In the region below pH 5, no visual solid-state change was observed. Thus, one can assume the solubility of the hydrochloride salt was measured and that the pHmax of the respective salt is between pH 5 and pH 6. The solubility measured in this region was lower than that at pH 6 due to a substantial common-ion effect as also seen with other basic drugs.[11,42] The solubility at pH 2 was then significantly higher, which is inconsistent with the common-ion effect, but most likely occurred due to the pH-limited buffer capacity of the HCl USP buffer used at pH 2 when compared to the phthalate USP buffers used at pH 3, 4, and 5 (Supporting Information S2 and Figure S1).

Conclusions

In this study, we demonstrated the use of the SPA method for understanding the dissolution behavior of salt compounds. NAP–Na, DIC–Na, and VER–HCl were used as model salt compounds. In total, less than 1 mg of each compound was used for all of the SPA measurements. In contrast, the corresponding analyses conducted with miniaturized SF experiments require from 100 mg up to 10 g of compound, depending on the solubility. As the amount of sample needed for the SPA experiment is so small, possible total dissolution during the course of the measurement can prevent subsequent offline solid-state characterization. However, this study demonstrates that visually detectable solid-state changes may still provide crucial information for the interpretation of the measured solubility.

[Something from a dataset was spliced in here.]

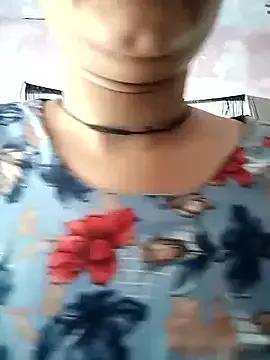 Miss_Sahiba from StripChat is Freechat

On the basis of the obtained pH-solubility profiles, intrinsic solubility, pKa, pHmax, and Ksp values were determined. Moreover, a transient higher solubility of DIC–Na and intriguing behavior of VER–HCl upon disproportionation were observed. The importance of the sample solid-state and the possible microenvironmental pH shift was addressed in the context of the SPA measurements. Finally, the study has demonstrated that the SPA method is a powerful tool as it enables visual in situ observation of the salt disproportionation process on the particle level and its direct impact on the solubility of a potential salt candidate. As such, the method has much potential as a low sample consumption platform enabling elaborate characterization of the salt dissolution behavior.